### Required action:
Using only the entries below, copy exactly the lines that begin at the one with "Vợ Boss Là Công Chúa" and end at the one with "Letrat e Navalny-t", both included. Drop the pictures.

### Stored data:

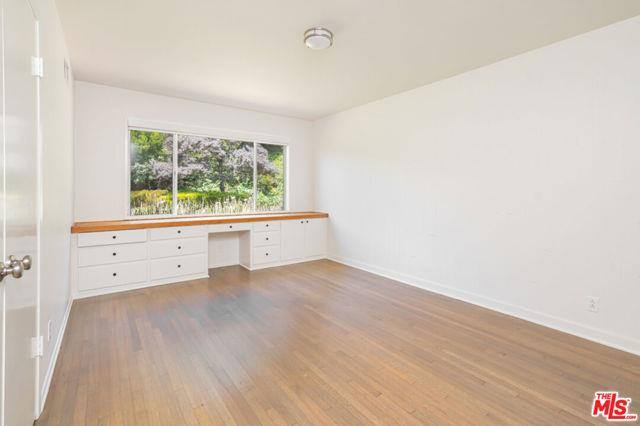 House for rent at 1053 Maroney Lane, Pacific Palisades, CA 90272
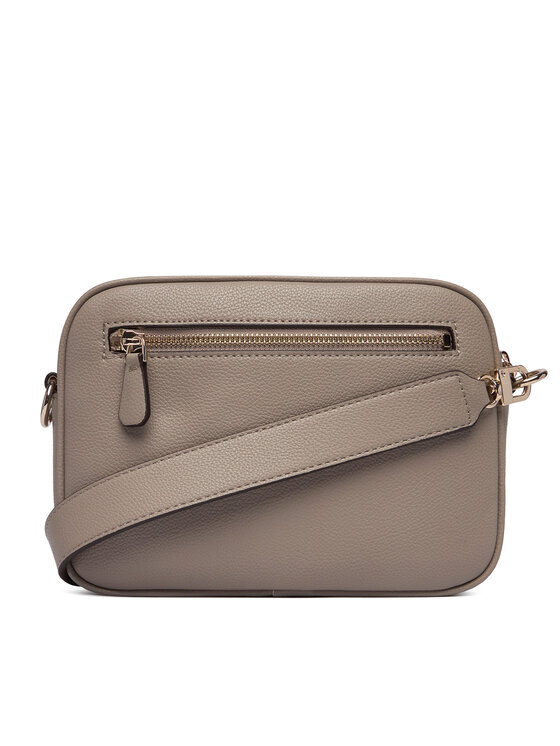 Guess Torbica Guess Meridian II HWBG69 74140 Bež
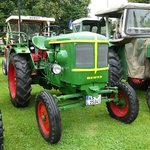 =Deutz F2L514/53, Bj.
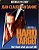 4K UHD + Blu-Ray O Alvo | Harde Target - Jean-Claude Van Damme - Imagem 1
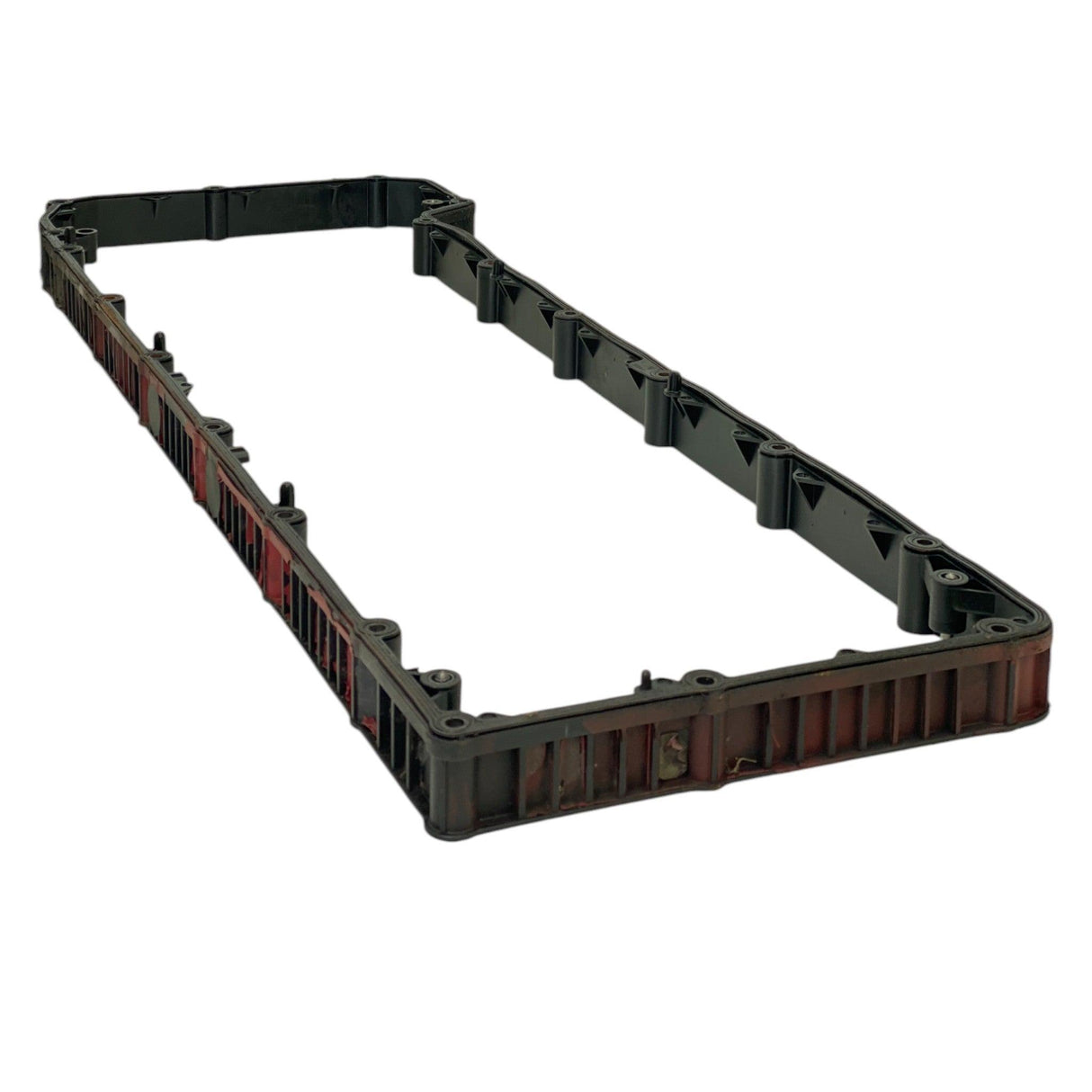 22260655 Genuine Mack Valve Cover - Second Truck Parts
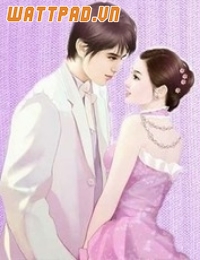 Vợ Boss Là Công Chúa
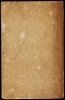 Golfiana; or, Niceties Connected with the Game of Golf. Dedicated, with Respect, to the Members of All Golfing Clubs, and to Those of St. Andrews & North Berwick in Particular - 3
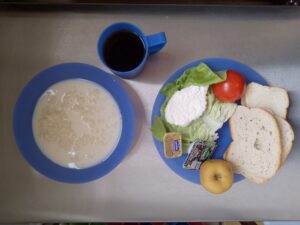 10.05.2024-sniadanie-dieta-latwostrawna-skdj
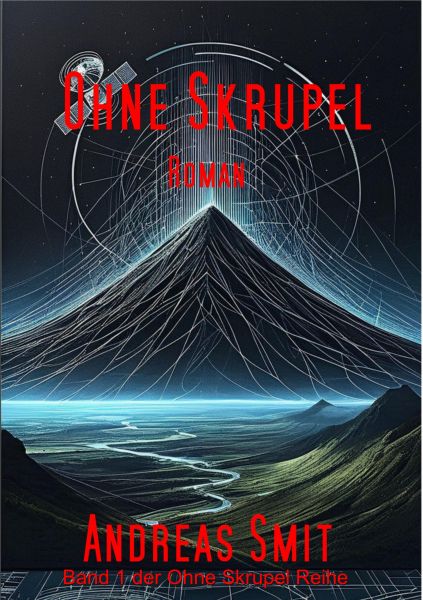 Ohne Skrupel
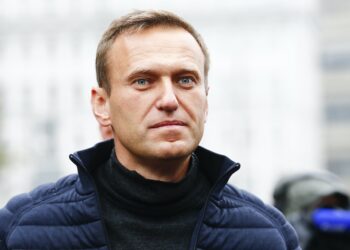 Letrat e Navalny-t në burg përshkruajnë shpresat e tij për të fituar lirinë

==

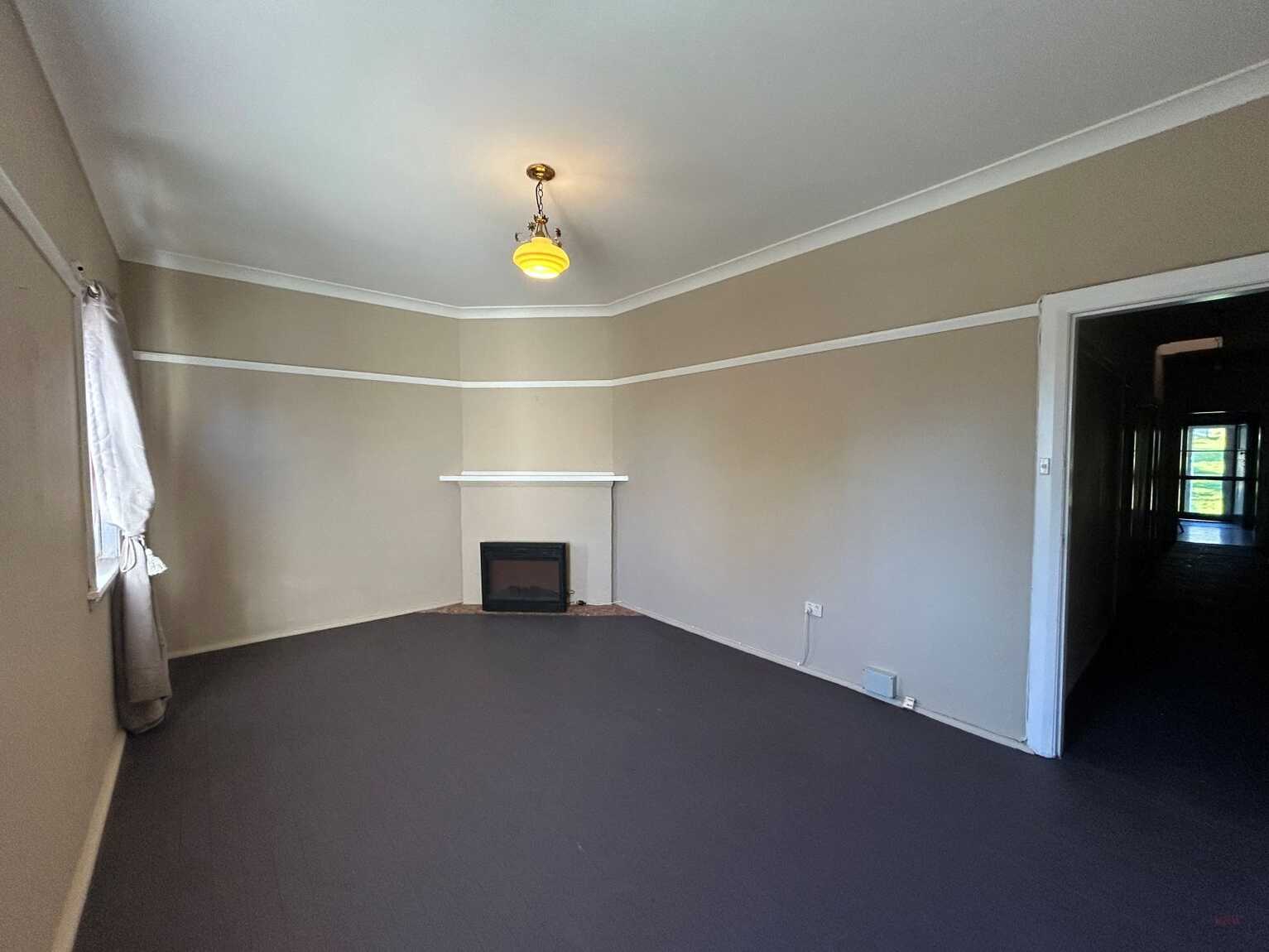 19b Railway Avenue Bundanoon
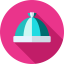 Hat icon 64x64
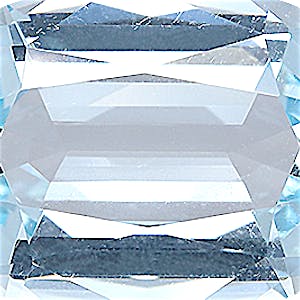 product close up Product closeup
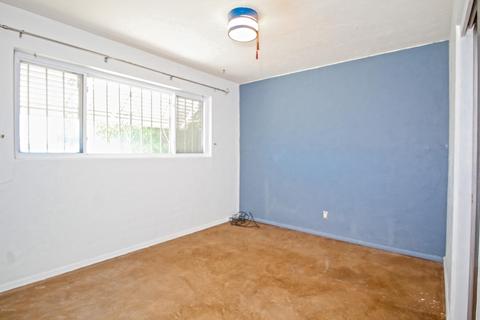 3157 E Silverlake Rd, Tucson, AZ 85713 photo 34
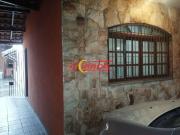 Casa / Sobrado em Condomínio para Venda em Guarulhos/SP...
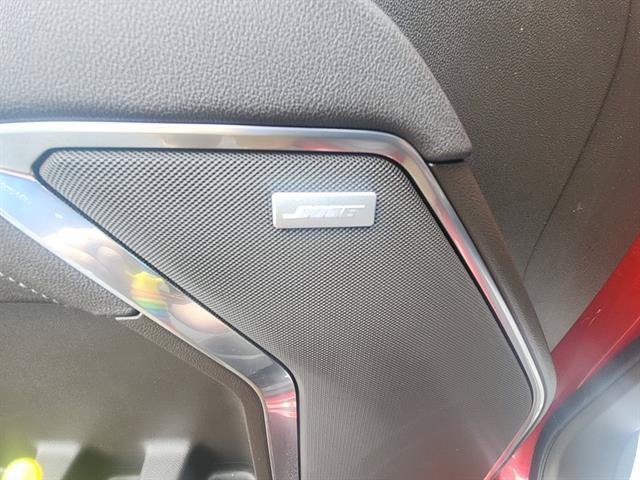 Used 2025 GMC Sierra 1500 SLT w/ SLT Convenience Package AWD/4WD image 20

### Expected answer:
 Vợ Boss Là Công Chúa
 Golfiana; or, Niceties Connected with the Game of Golf. Dedicated, with Respect, to the Members of All Golfing Clubs, and to Those of St. Andrews & North Berwick in Particular - 3
 10.05.2024-sniadanie-dieta-latwostrawna-skdj
 Ohne Skrupel
 Letrat e Navalny-t në burg përshkruajnë shpresat e tij për të fituar lirinë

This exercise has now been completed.